United States District Court, D. Arizona

May 19, 2014

David Bryant, et al., Plaintiffs,
The City of Goodyear, et al., Defendants.


JAMES A. TEILBORG, Senior District Judge.

Pending before the Court is Defendants' Motion for Summary Judgment (Doc. 116). The Court now rules on the motion.

I. Background

The following basic facts surrounding this case are undisputed. Plaintiff David Bryant ("Bryant") was a sergeant with the Goodyear Police Department's ("GPD") Street Crimes Unit ("SCU"). In November 2010, the GPD initiated an investigation of Bryant for alleged discrepancies between Bryant's reported hours worked and the time he actually worked. The investigation arose when Bryant's squad members allegedly reported that Bryant had instructed them to report ten hours worked on November 9, 2010 but they had only worked five hours that day. Bryant reported on his own timesheet for that day that he had worked ten hours, but according to Defendants, had only worked five hours. (Doc. 117-3 at 20-21, 23-24).

Sergeant Jeff Rogers was assigned to conduct an internal investigation into the SCU squad members' claims.[1] Rogers obtained summary reports of timesheets for SCU squad members, copies of their original timesheets and timesheet corrections, and reports of starting and ending times as recorded by radio operators in Computer Aided Dispatch ("CAD"). Rogers found what he termed a "large discrepancy" between Bryant's timesheets and CAD logs, but no significant discrepancy in the records of the other four SCU squad members. (Doc. 117-4 at 3). Rogers recommended that Bryant be criminally investigated.

Based on Rogers' alleged discovery of a discrepancy, Lieutenant Newman criminally investigated Bryant. Newman received Rogers' memorandum of his findings as well as copies of timesheets, "hours proof listings, unit/officer status inquiry listings, hours history detail selection criteria, and unit log listings for David Bryant." (Defendants' Statement of Facts in Support of their Motion for Summary Judgment ("DSOF") ΒΆ 76). Newman reviewed these records for the time period from January 1, 2010 through July 24, 2010, as well as Bryant's posted work schedule for January 1, 2010 through November 13, 2010. Newman also reviewed computer access and logon records, facility access control records, off-duty work records, and phone records. Newman discovered facts that he believed showed Bryant had falsified his timesheets. For example, Bryant had submitted a timesheet claiming he worked ten hours on July 30, 2010, but he was on vacation in Texas that week.[2]

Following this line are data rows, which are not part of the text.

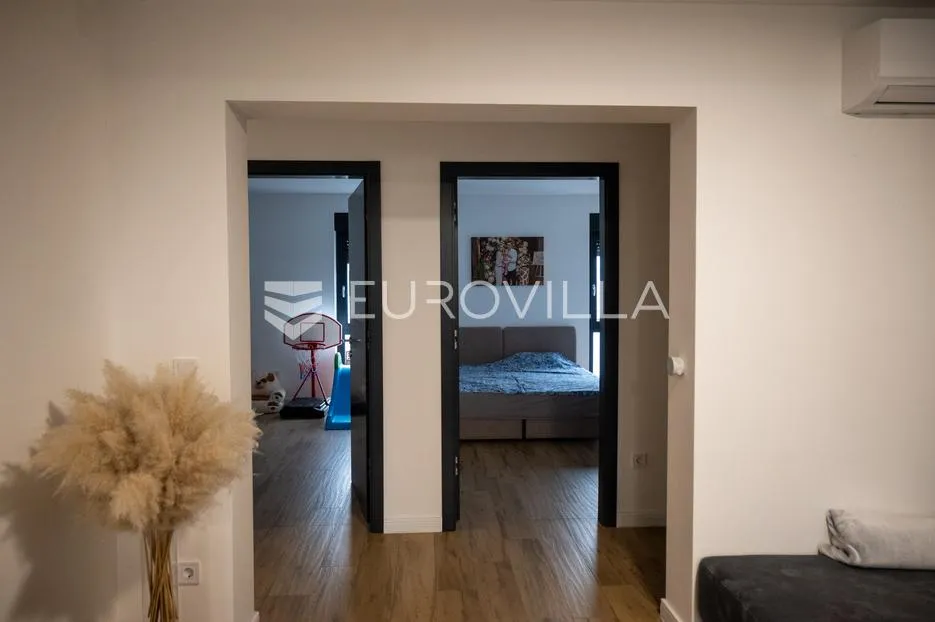 osijek, cvjetno naselje, stan 120 m2, prvi kat s lođom 44 m2 - slika 21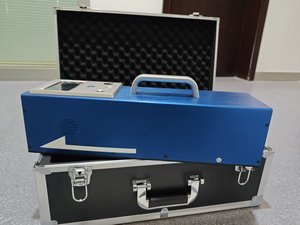 เครื่องวัดการสะท้อนแสงสำหรับเครื่องหมายจราจร - Product Image 2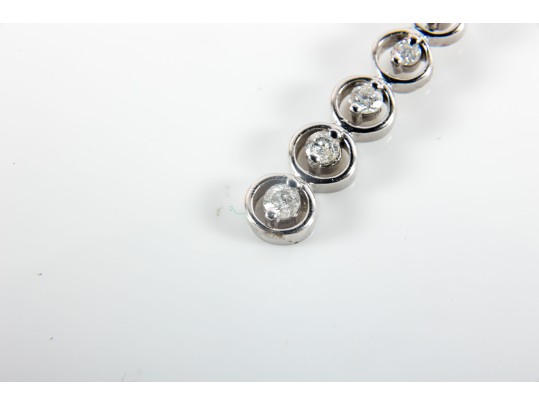 14K White Gold Graduated Diamond Pendant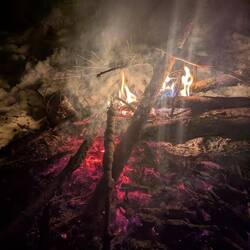 Angenehme Temperaturen auf dem Berg durch eine Inversionswetterlage auch ohne Lagerfeuer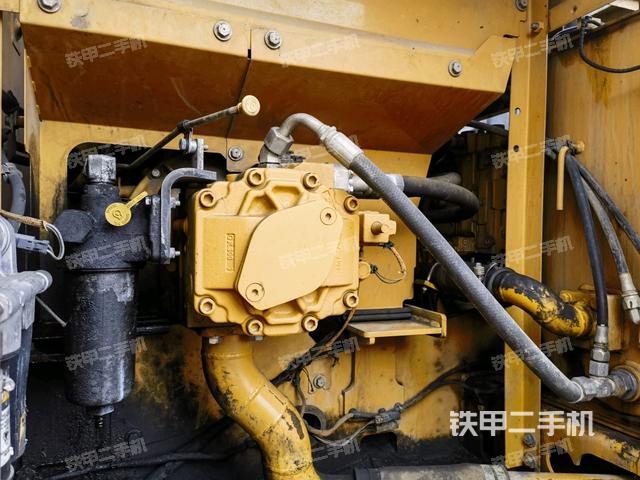 液壓泵斜45?左(大件艙室) 液壓泵斜45?左(大件艙室)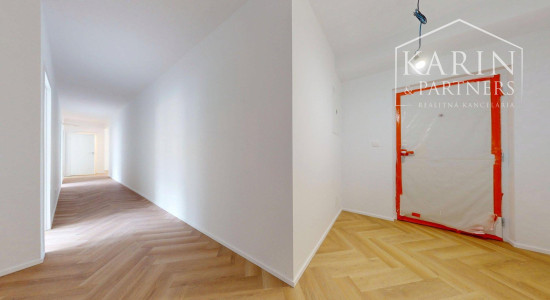 KOMPLETNE ZREKONŠTRUOVANÝ PRIESTRANNÝ 3I BYT S ROZĽAHLOU TERASOU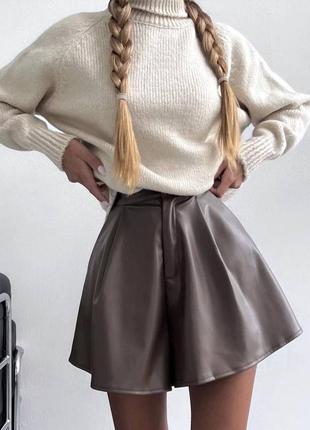 Стильные шортики из ено кожи 
высокое качество ткани и пошив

Based on his investigation, Newman submitted charges to the County Attorney involving Bryant's hours for the dates of August 27, 2010; September 7, 2010; September 23, 2010; and October 14, 2010. (Doc. 117-2 at 9). Newman subsequently sent a complete report to the County Attorney concerning these as well as other dates and times for which Newman believed Bryant had been compensated but had not worked. ( Id. at 8). A grand jury eventually indicted Bryant on seventeen counts, including fraudulent schemes and practices, theft, and forgery. The County Attorney later dismissed the indictment.

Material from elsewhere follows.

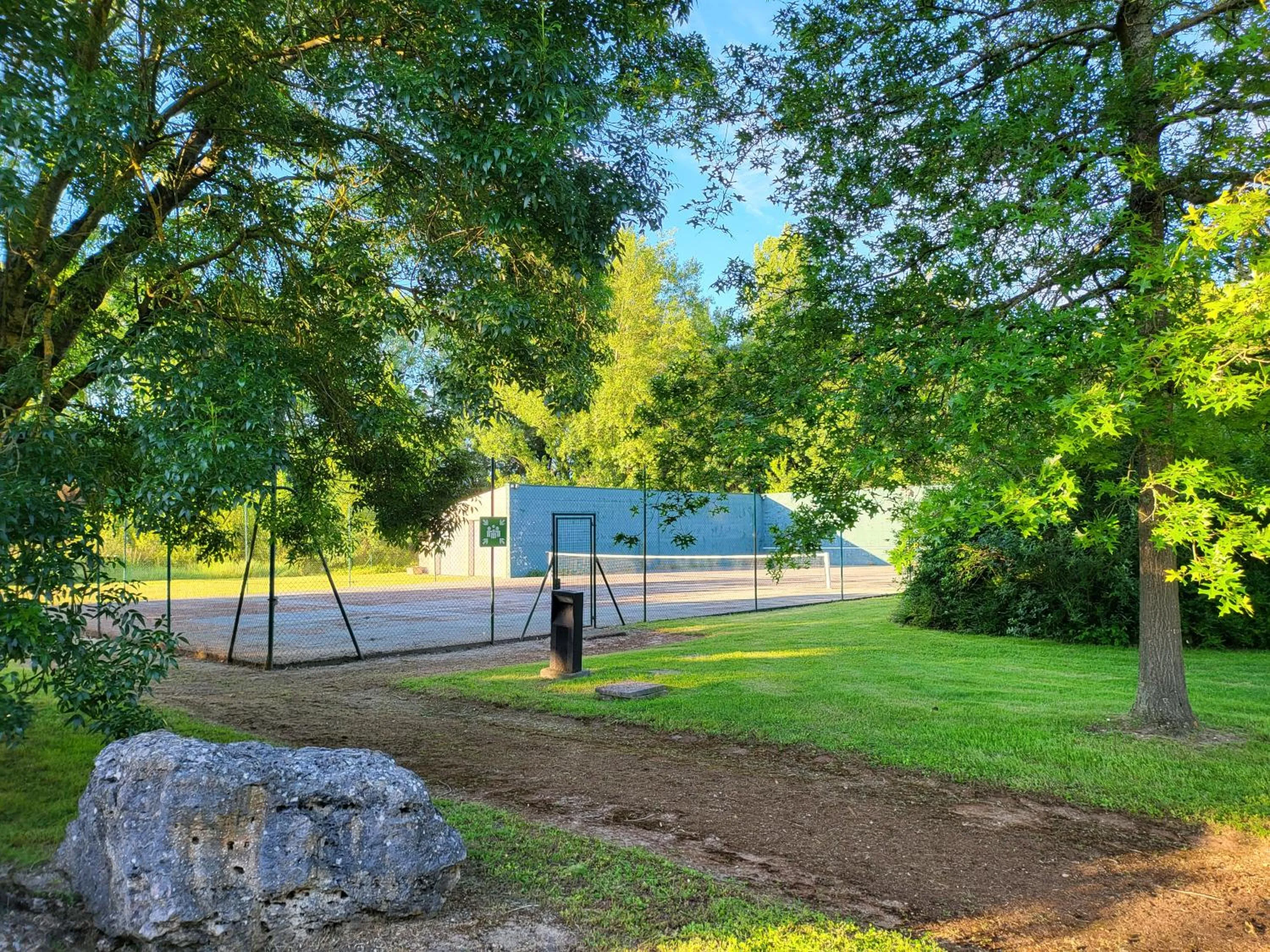 Garden in Kyriad Tours - Joué-Lès-Tours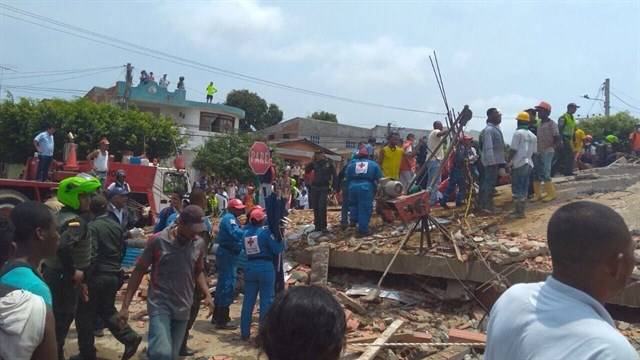 Se eleva a 18 número de muertos en el derrumbe de un edificio en Cartagena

II. Summary Judgment Standard

Summary judgment is appropriate when "the movant shows that there is no genuine dispute as to any material fact and the movant is entitled to judgment as a matter of law." Fed.R.Civ.P. 56(a). "A party asserting that a fact cannot be or is genuinely disputed must support that assertion by... citing to particular parts of materials in the record, including depositions, documents, electronically stored information, affidavits, or declarations, stipulations... admissions, interrogatory answers, or other materials, " or by "showing that materials cited do not establish the absence or presence of a genuine dispute, or that an adverse party cannot produce admissible evidence to support the fact." Id. 56(c)(1)(A), (B). Thus, summary judgment is mandated "against a party who fails to make a showing sufficient to establish the existence of an element essential to that party's case, and on which that party will bear the burden of proof at trial." Celotex Corp. v. Catrett, 477 U.S. 317, 322 (1986).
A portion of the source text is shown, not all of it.